Health and Human Services Secretary Robert F. Kennedy Jr.’s leadership is “unlike anything our country has ever experienced,” nine former directors and acting directors of the Centers for Disease Control and Prevention wrote in a scathing guest essay Monday for The New York Times.
The piece — which appeared online under the headline “We Ran the C.D.C.: Kennedy Is Endangering Every American’s Health” — came days after President Donald Trump fired CDC director Susan Monarez. Through her lawyers, Monarez has maintained she refused to sign off on reckless and unscientific orders.
Kennedy’s actions as the country’s top health official, including his role in Monarez’s ouster, “is unlike anything we have ever seen at the agency, and unlike anything our country has ever experienced,” the former directors wrote.
Their essay listed a string of concerns and accused Kennedy of focusing “on unproven ‘treatments’ while downplaying vaccines.” Kennedy, they added, “canceled investments in promising medical research that will leave us ill prepared for future health emergencies. He replaced experts on federal health advisory committees with unqualified individuals who share his dangerous and unscientific views. He announced the end of U.S. support for global vaccination programs that protect millions of children and keep Americans safe, citing flawed research and making inaccurate statements.”
HHS and CDC spokespersons did not immediately respond to requests for comment.
The essay was signed by William Foege, William Roper, David Satcher, Jeffrey Koplan, Richard Besser, Tom Frieden, Anne Schuchat, Rochelle P. Walensky and Mandy K. Cohen. Their tenures date to the late 1970s and span Democratic and Republican administrations, including Trump’s first term.
Monarez’s firing last week came amid an escalating conflict over an influential vaccine committee that Kennedy had repeatedly undermined, NBC News reported. The secretary had fired committee members and appointed fellow vaccine skeptics in their place. Monarez had grown worried that she would be forced to sign off on new vaccine recommendations that were not supported by science. Her ouster triggered a near-immediate leadership exodus from the CDC.
“We are worried about the wide-ranging impact that all these decisions will have on America’s health security,” the former directors wrote in their guest essay.

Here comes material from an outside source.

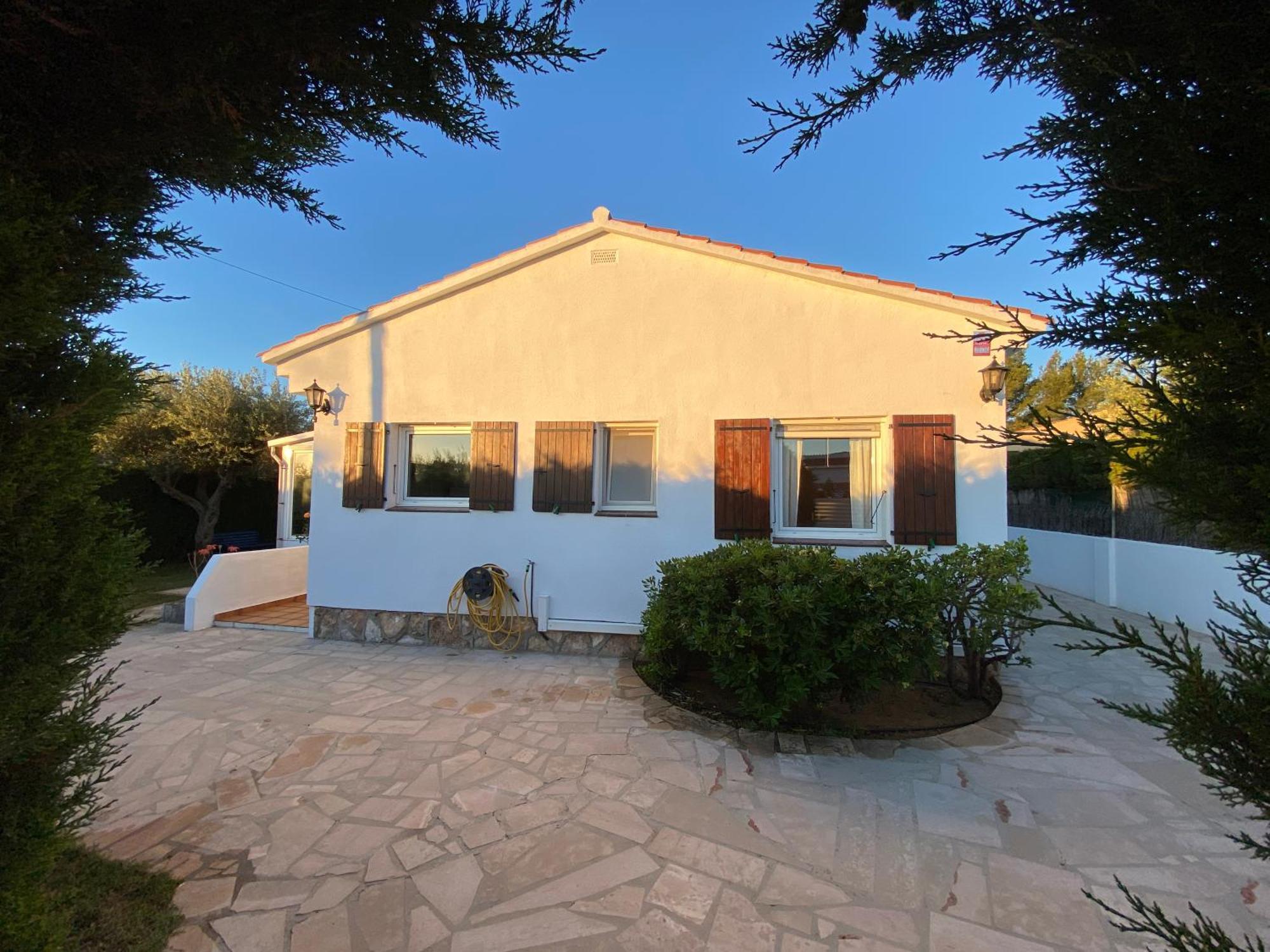 Villa Caramonte, En Costa Dorada Les Tres Cales Экстерьер фото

“During our respective C.D.C. tenures, we did not always agree with our leaders, but they never gave us reason to doubt that they would rely on data-driven insights for our protection, or that they would support public health workers,” they added.
The former directors urged Congress to “exercise its oversight authority” over HHS and called on state and local governments and philanthropic givers to “fill funding gaps where they can.”
“The men and women who have joined C.D.C. across generations have done so not for prestige or power, but because they believe deeply in the call to service,” they wrote in conclusion. “They deserve an H.H.S. secretary who stands up for health, supports science and has their back. So, too, does our country.”